# TASK ITEM
Skip every picture, and copy exactly the lines from the one containing "91家纺网 家纺一手货源 找家纺" to the end of the data.

# DATA IN THIS EXERCISE
--- START ---
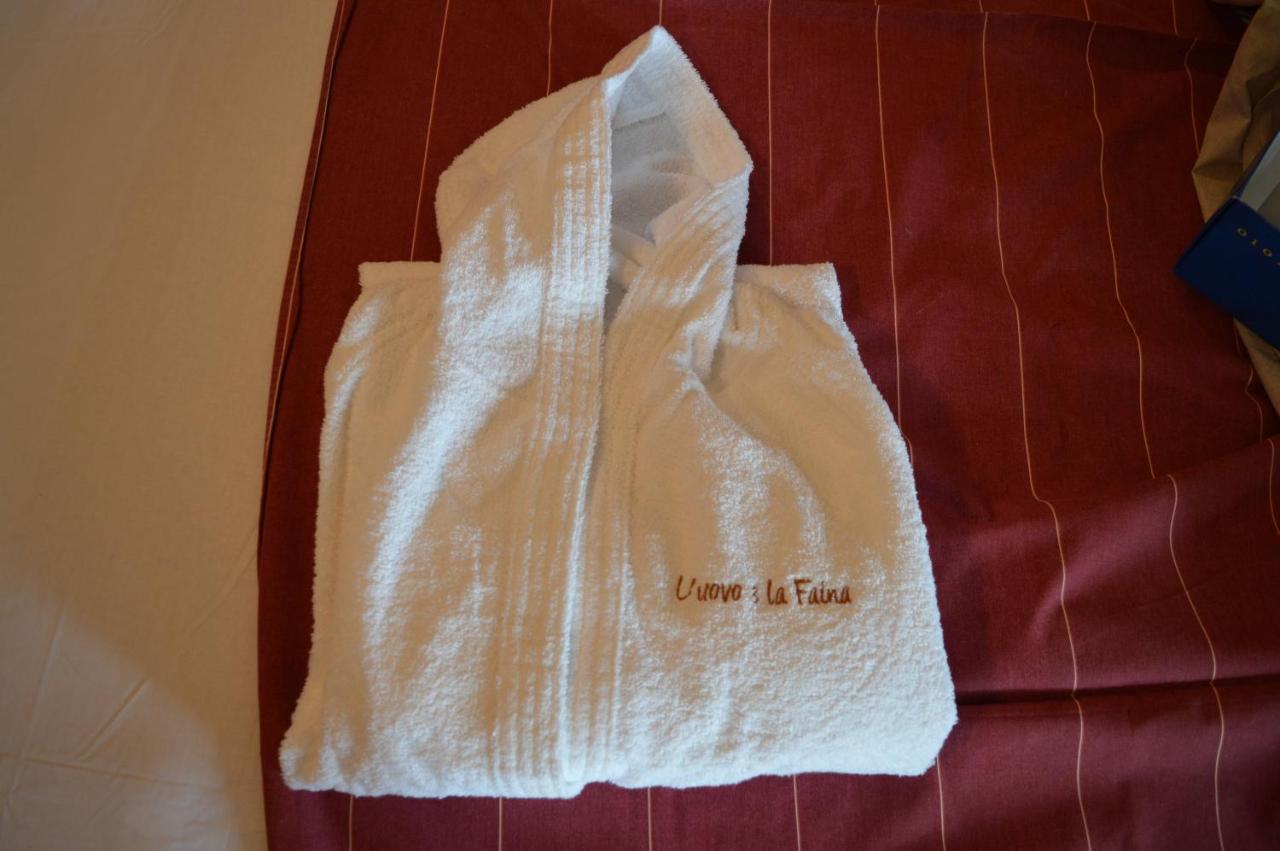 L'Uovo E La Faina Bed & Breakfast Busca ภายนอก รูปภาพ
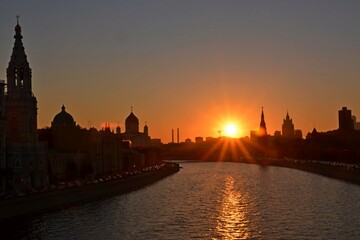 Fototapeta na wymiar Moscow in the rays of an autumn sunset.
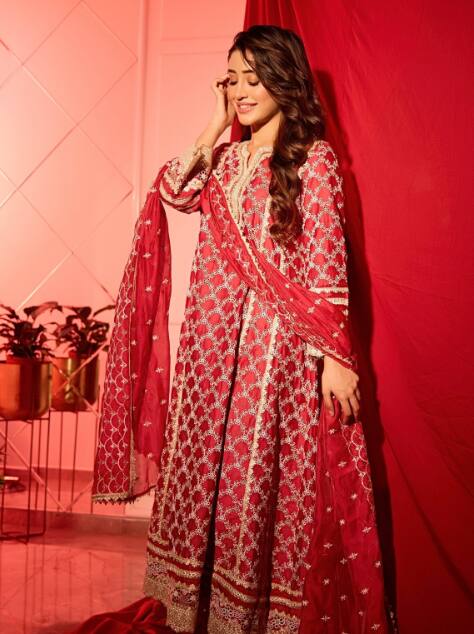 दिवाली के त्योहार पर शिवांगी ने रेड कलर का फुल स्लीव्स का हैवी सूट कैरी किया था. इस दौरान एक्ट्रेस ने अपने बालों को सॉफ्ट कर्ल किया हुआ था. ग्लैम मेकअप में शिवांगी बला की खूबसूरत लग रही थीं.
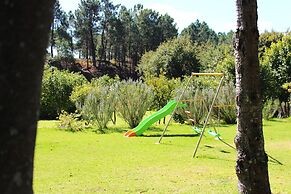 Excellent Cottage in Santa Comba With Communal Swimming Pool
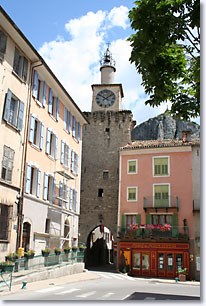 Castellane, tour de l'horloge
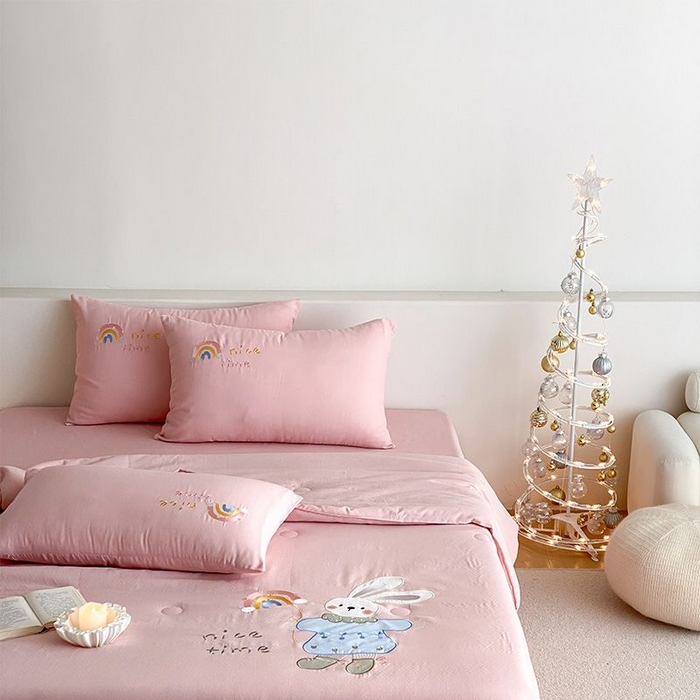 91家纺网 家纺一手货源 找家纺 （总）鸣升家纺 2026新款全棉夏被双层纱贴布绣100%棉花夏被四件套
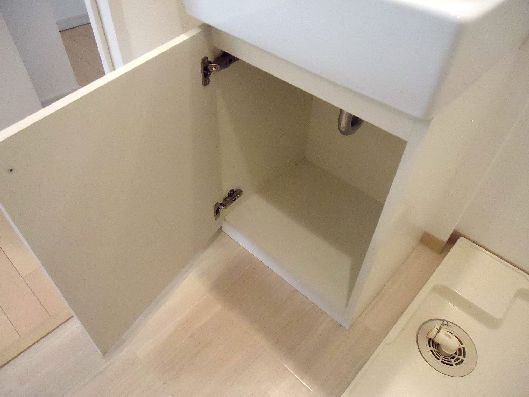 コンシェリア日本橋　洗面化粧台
--- END ---
# ANSWER TO THE PROBLEM
 91家纺网 家纺一手货源 找家纺 （总）鸣升家纺 2026新款全棉夏被双层纱贴布绣100%棉花夏被四件套
 コンシェリア日本橋　洗面化粧台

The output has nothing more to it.